Reaching out for higher branches
Ishani Ranasinghe reports on the latest stunts of The Brass Monkey Band
Nearly eight months ago I was invited to see a new band performing at a private gathering. I was a little sceptical about going and what I was about to see, but I went. Once I saw them performing though, all doubts vanished and I was amazed at how good they were.

So many bands are mushrooming only to vanish away. Will ‘The Brass Monkey Band’ be yet another band or are they here to stay? With so many bands here in Colombo, how will this band fare against the others? How will they stand out?

This is what I wrote about them later on and now, as they played their final gig ‘The Last Banana’ before they take a short break I must say my questions have been answered and the doubts gone.

When I first met them they quite confidently said, “We are not just any band, we are so different from each other that when we come together we are bizarre,” while adding with a laugh that even they can’t believe how much fun they have.

After seeing them perform for the first time, I did manage to see a few of their gigs and of course listen to their EP ‘The Year of the Monkey’. And to sum it all up… they have held on getting better with each step. One of the key factors for this is their talent and the fact that people just love them.

Sitting at Frangipani last Wednesday, I got ready to see The Brass Monkey Band get onstage and play some of their originals, which have received an amazing response. As they got prepared, it was quite evident that there were a few changes in their line up, but they had not lost their touch.

Dilan Rathnapala who contributed with the scratch pads and bass was not to be seen. We were later told that he had migrated to Canada. There were two people who were bringing some extra essence to their performance, Ravihansa Wetakepotha with the tabla and Paul Jacobs (he will be the producer for their upcoming album) on bass.

They started off their show with “Morning Star” a track from their soon to be released album. After that they went through all their songs one last time, and of course tested them on the audience to see their reactions to the newer songs.

As Aadhil Aziz, their lead guitarist cum vocalist, put it, “You are the guinea pigs for the evening.” Playing some of their newest tracks like, “Colombo Groove”, “Letting Go”, “Content”, “The Lick” and of course some of their old tunes like, “Tumbleweed”, “Lay All Your Hands On Me” and “Sin”, they went through – if I am not mistaken – all the songs they have recorded and hope to record.

Speaking about playing all the songs they have come up with, I must mention this one song, which was quite interesting. It actually gave Anik Jayasuriya, their drummer, a chance to sing – or rap to be exact. They performed “The BMB” which Aadhil described as something of a joke song, which they couldn’t put away. “Every time we play it the crowd just loves it so…”

The audience there proved to be fans of the band as most of them were singing some of their more popular tracks like “Tumbleweed”. Each of their songs received loud cheers along with ‘whoops!’ from the audience showing that in a short time they have really gone far as a band.
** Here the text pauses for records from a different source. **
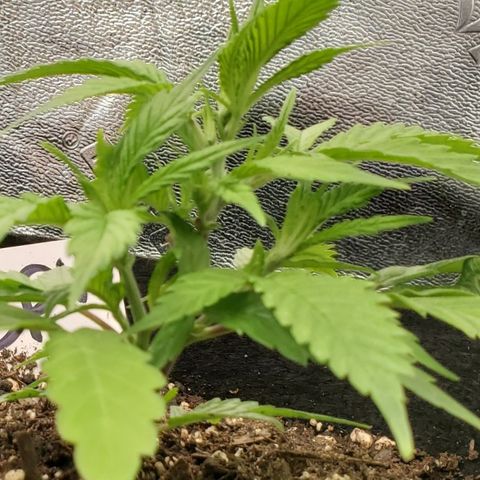 WW3 growlog timeline photo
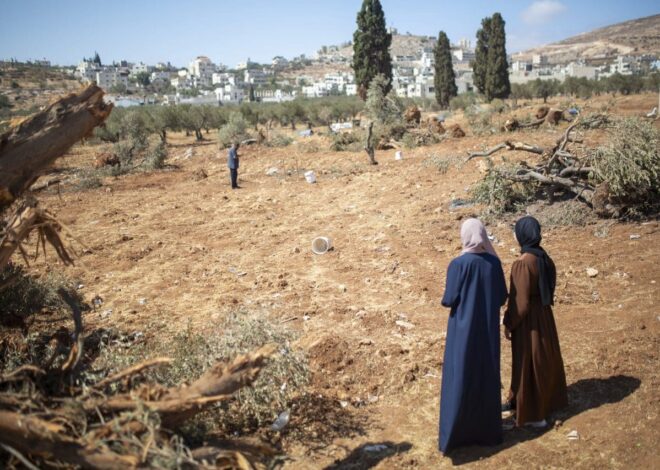 Israel wanted to punish a Palestinian village. So it destroyed 10,000 of its olive trees. – Mondoweiss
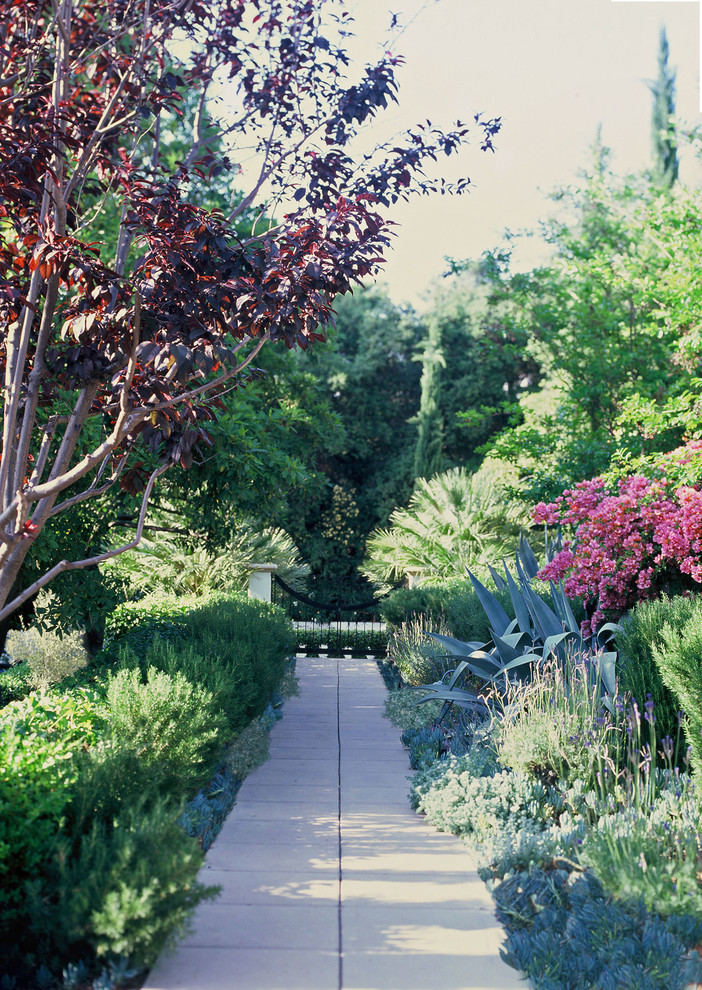 This is an example of a huge mediterranean formal garden in Los Angeles.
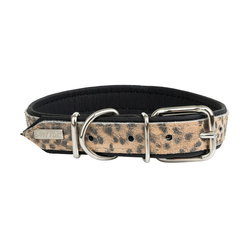 Barry King Obroża dla psa Cheetah 12mm/32cm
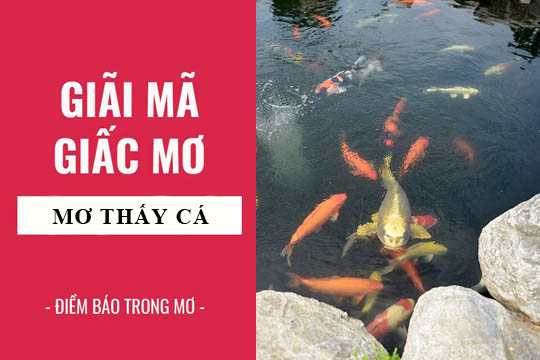 Nằm mơ thấy cá có điềm báo gì? Giải mã ý nghĩa và con số may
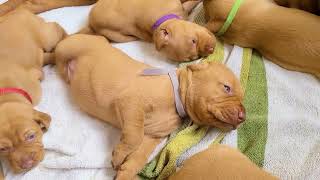 Vizsla puppies 15 days old [upl. by Yasui]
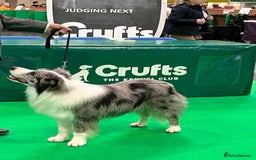 Border Collie dogs for sale: Champion line puppies  - Image 11
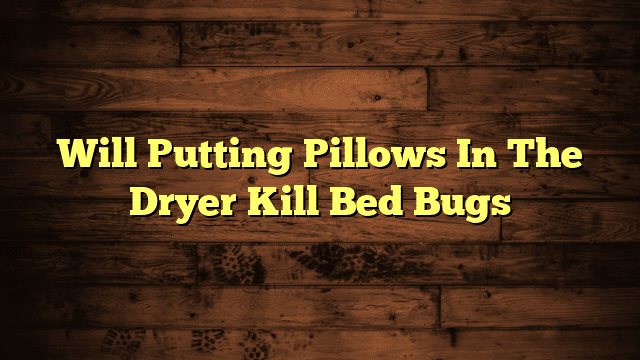 Will Putting Pillows In The Dryer Kill Bed Bugs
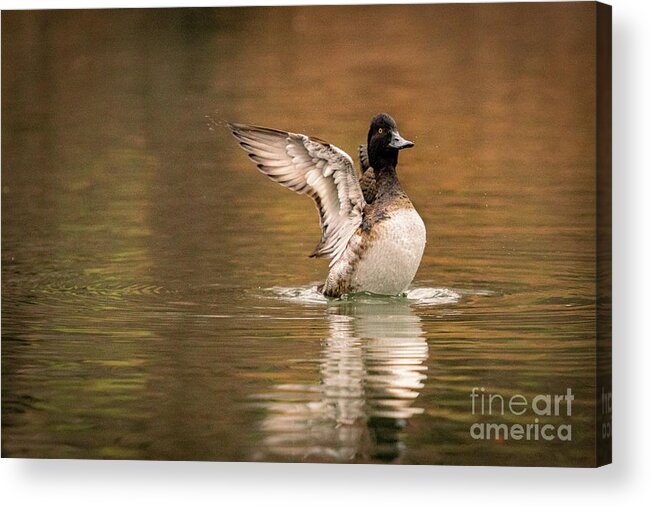 Scaup Acrylic Print featuring the photograph Scaup in the Water II by Alyssa Tumale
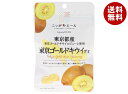 JA全農 ニッポンエール 東京ゴールドキウイ グミ 40g×10袋入×(2ケース)| 送料無料 お菓子 グミ 国産 日本産 全農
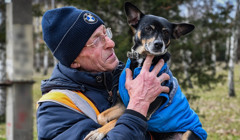 Запорізька спільнота рятує пса, викинутого з машини. Як можна допомогти?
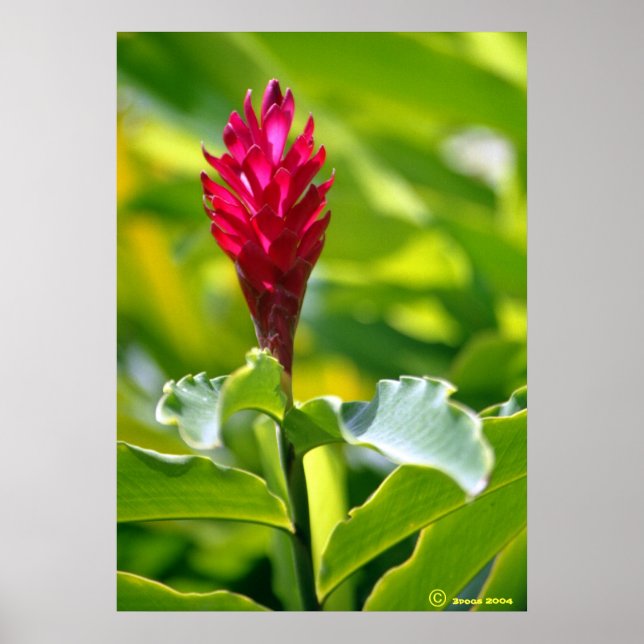 Hawaiian Ginger Poster (Framsidan)
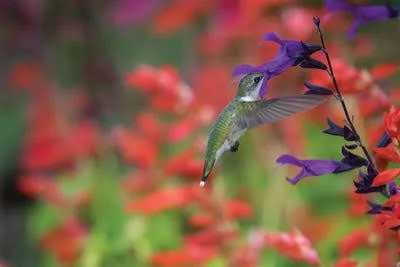 Framed Poster Prints - Ruby-Throated Hummingbird on Purple Majesty salvia. Marion County - Illinois. by Richard & Susan Day (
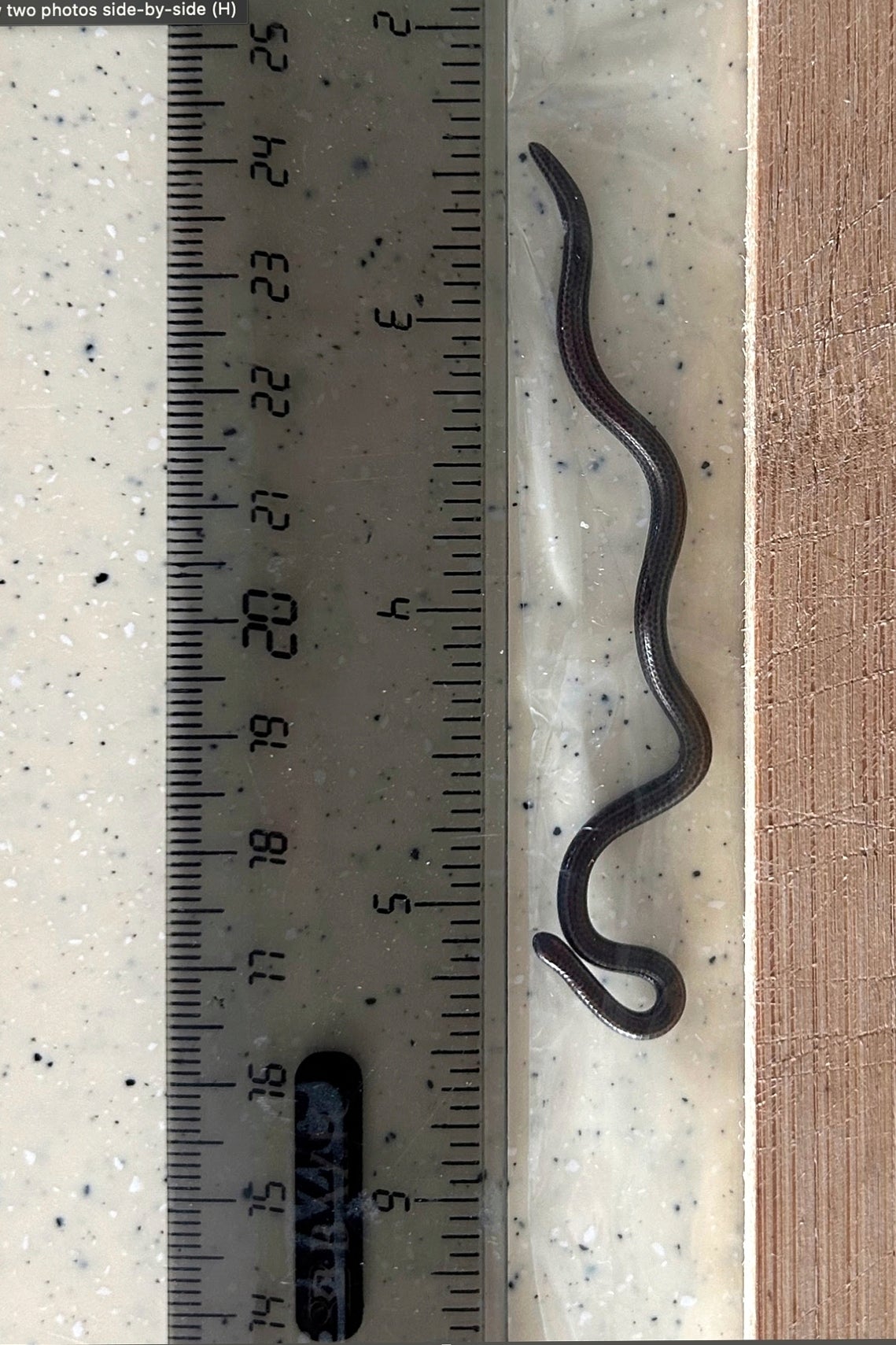 The Barbados threadsnake next to a ruler, in the Scotland District of St. Andrew, Barbados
Their performance was near perfect, with everyone there enjoying the show with the sense that they have been a part of a charitable event. Why? As they performed their final gig the band had decided to give the proceeds of the show to ‘The School for the Deaf and Blind’.
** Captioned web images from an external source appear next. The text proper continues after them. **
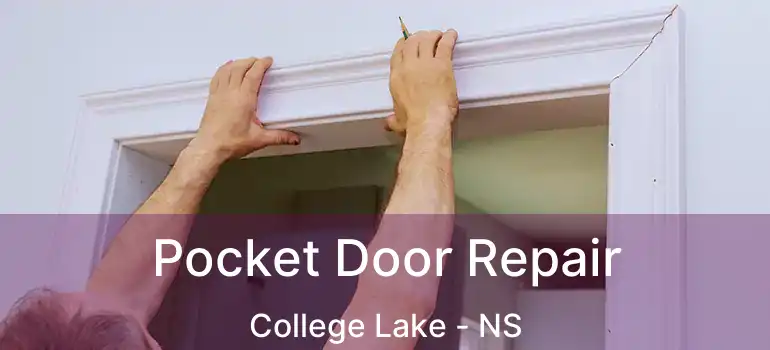  Pocket Door Repair College Lake - NS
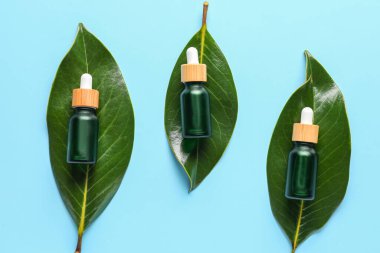 Composition with bottles of serum and plant leaves on color background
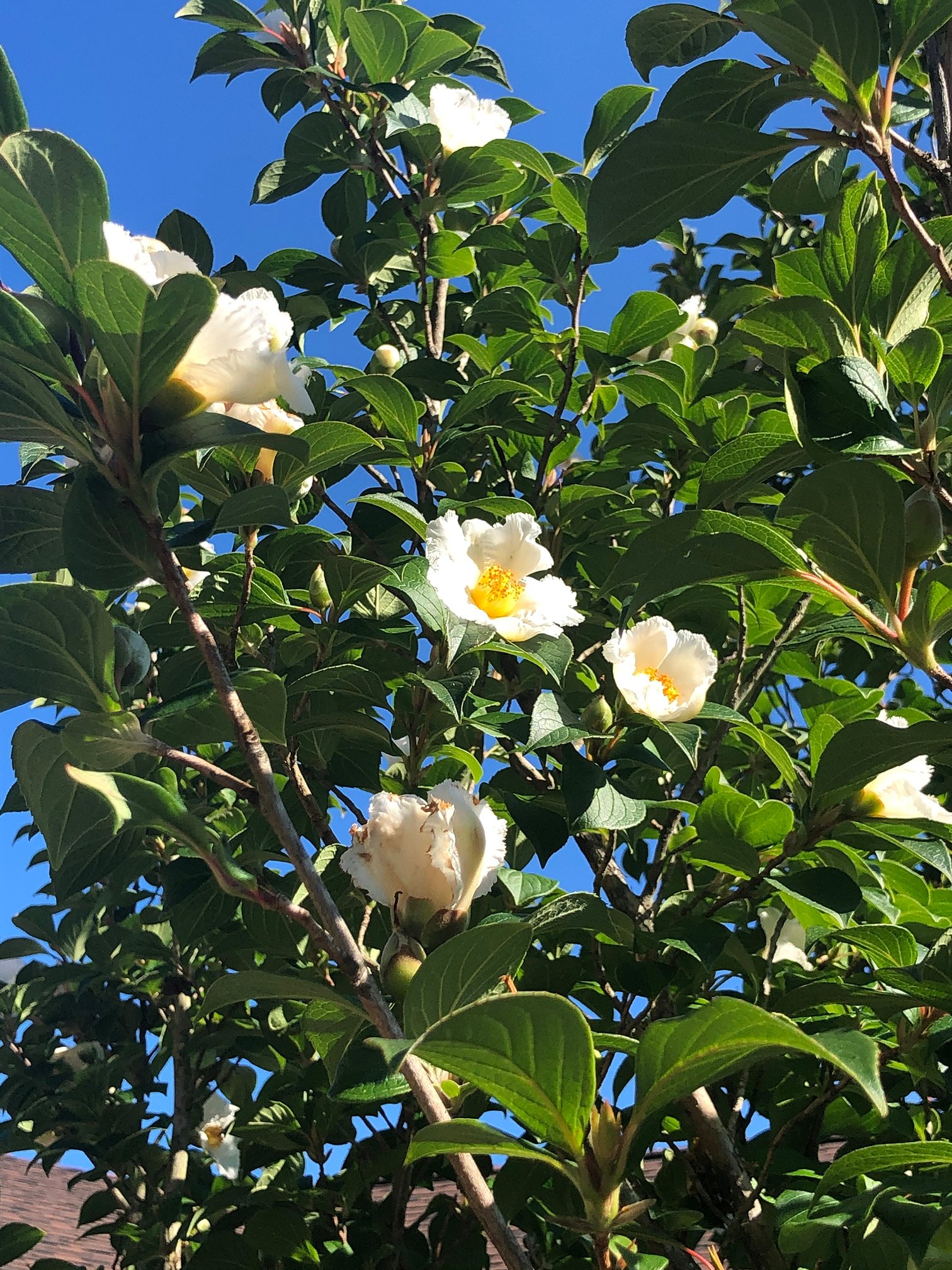 June 23, 2023 – Stewartia koreana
Before they bid farewell to the local band scene The Brass Monkey Band will be launching their album in early February, which will feature their new tracks which we can hear at Frangipani. Their tracks a mix of everything ranging from the ballets to fast ones.

As Aadhil and Swinly Perera got onstage at the end of their performance to sing an amazing version of “Underground”, another one of their originals, one listened to it knowing that this is going to be one band that will be missed.

As they head off in different directions doing their own thing for a while we wish them well and hope to see them soon. Because no matter what people say, with all their craziness and creativity, they did make their mark.